Proposed platform to support investor engagement with corporates and policymakers.
It will follow steps laid out in its recent paper Why and how investors should act on human rights.
“Investors have a key role to play in addressing social issues and human rights. The initiative will act as a platform that can encompass a broad range of social issues, which will allow investors to prioritise the most severe human rights risks and outcomes within their stewardship activities,” said the PRI’s statement on the launch.
The platform will showcase a range of activities, it added, including collaborative investor engagement with companies, along with potential further escalation where needed. “The PRI will also support investor engagement with policymakers and other stakeholders to make progress on the overall goal,” it said.

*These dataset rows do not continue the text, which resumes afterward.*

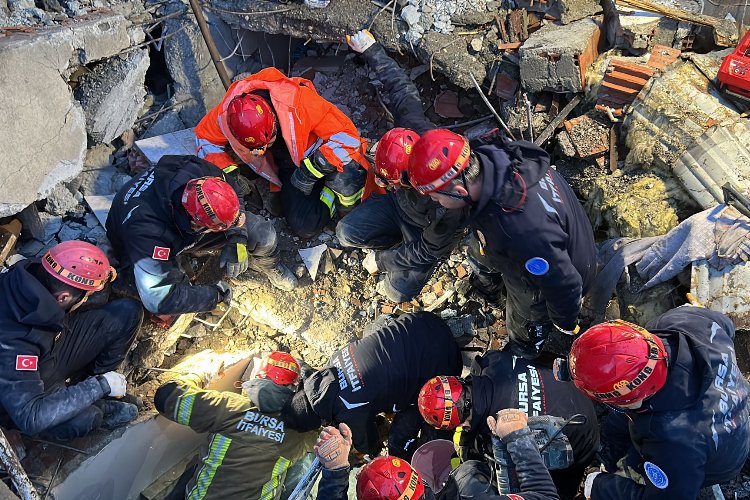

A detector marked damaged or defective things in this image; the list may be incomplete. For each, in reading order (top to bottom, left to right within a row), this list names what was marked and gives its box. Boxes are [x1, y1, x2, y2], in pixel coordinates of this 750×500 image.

broken concrete slab [0, 12, 137, 217]
broken concrete slab [75, 49, 151, 144]
broken concrete slab [524, 16, 604, 93]
rusty metal sheet [692, 260, 750, 330]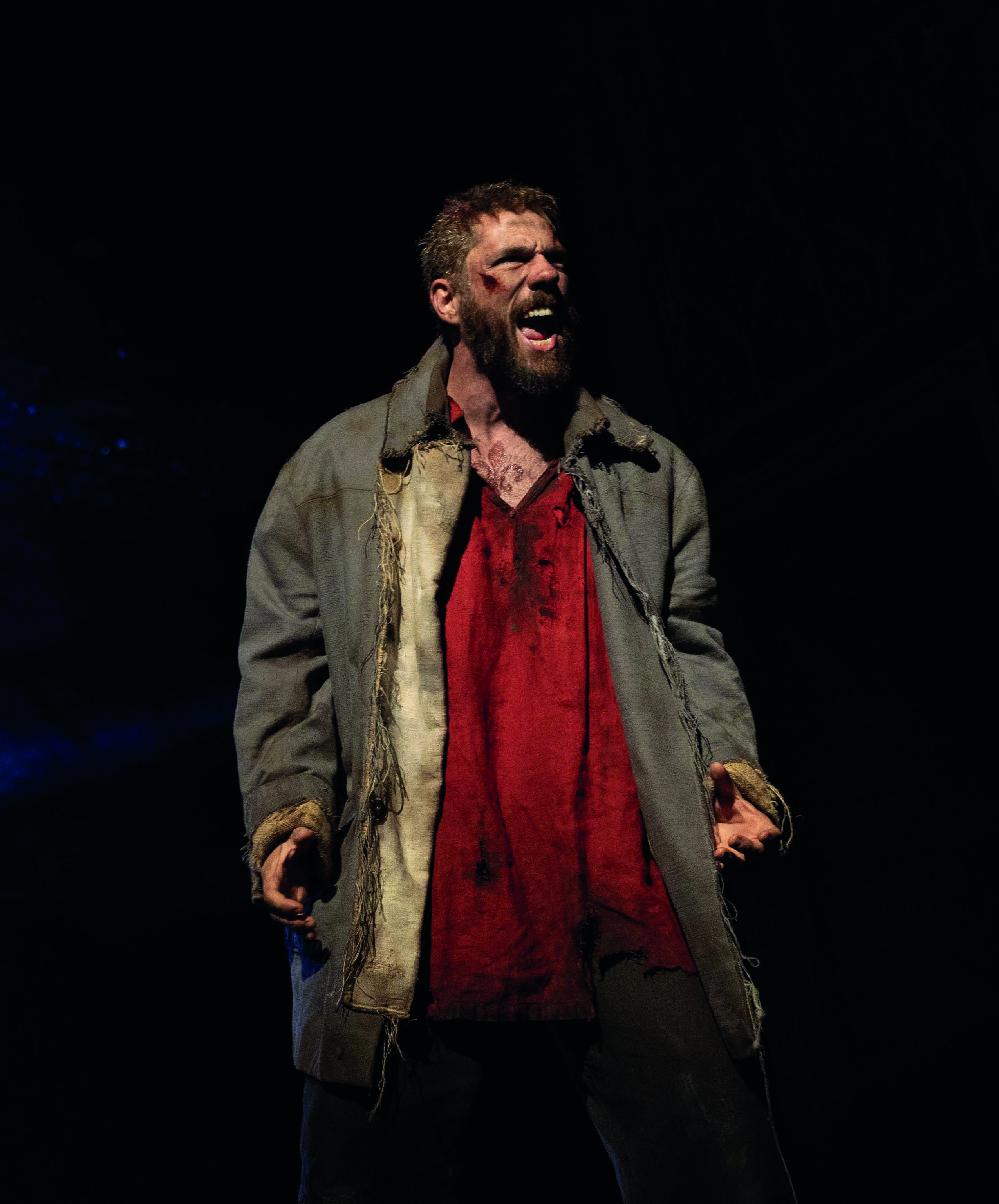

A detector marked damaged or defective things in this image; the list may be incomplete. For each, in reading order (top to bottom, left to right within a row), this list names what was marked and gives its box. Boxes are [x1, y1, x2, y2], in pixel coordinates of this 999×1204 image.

ragged grey coat [235, 334, 789, 1088]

The platform, which will focus on social issues, is similar in vein to investor-led engagement initiatives, such as Climate Action 100+, which aims to reduce the greenhouse gas emissions of the most carbon intensive corporates globally.

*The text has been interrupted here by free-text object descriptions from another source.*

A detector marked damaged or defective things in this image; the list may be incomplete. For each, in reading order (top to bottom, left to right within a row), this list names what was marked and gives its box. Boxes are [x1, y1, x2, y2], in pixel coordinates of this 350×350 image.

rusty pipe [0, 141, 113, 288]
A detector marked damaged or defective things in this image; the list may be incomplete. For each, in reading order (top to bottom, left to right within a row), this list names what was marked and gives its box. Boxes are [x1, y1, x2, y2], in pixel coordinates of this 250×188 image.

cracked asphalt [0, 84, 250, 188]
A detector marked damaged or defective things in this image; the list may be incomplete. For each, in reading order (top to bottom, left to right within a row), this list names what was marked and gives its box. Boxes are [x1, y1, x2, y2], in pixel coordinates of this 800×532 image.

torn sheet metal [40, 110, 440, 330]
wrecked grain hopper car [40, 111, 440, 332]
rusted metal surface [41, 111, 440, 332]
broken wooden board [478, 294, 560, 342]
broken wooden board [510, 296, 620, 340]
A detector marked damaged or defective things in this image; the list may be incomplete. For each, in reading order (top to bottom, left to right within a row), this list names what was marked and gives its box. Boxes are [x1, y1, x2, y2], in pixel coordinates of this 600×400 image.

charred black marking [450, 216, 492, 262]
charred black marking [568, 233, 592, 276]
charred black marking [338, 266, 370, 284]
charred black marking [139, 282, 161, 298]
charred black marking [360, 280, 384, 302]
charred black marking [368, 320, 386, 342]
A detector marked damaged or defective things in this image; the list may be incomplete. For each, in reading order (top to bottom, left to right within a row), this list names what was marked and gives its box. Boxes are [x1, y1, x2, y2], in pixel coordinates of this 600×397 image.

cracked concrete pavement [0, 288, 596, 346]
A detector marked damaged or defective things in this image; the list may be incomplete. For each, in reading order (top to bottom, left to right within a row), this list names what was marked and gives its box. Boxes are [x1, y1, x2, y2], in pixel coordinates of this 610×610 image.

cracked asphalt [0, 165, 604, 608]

It is currently unnamed and the title will be unveiled in 2022 when it is launched.
The PRI is currently inviting signatories to express their interest in joining. “In the new year, the PRI will provide these signatories with further information on the initiative (such as the sector and company list for engagement) and invite them to formally apply to join the initiative as an endorser, lead investor and/or collaborating investor,” it said.
PRI said the initiative will “seek change through the use of investors’ influence over portfolio companies”.
This will be done through a focus on companies’ adoption of the United Nations Guiding Principles on Business and Human Rights (UNGPs) by investors. Investors will be scrutinising firms for areas including appropriate disclosure; the level of alignment of their political engagement activities with their human rights responsibilities; and their progress on specific human rights issues within their operations and/or value chains that are seen as the most severe risks to people.
“Each company will be expected to fully implement the UNGPs and align their political engagement, e.g. lobbying, positions and activities to the UNGPs,” said the PRI. “Additional company-specific expectations will also be developed by identifying which human rights issues are most severe within each company with input from technical experts and affected stakeholders.”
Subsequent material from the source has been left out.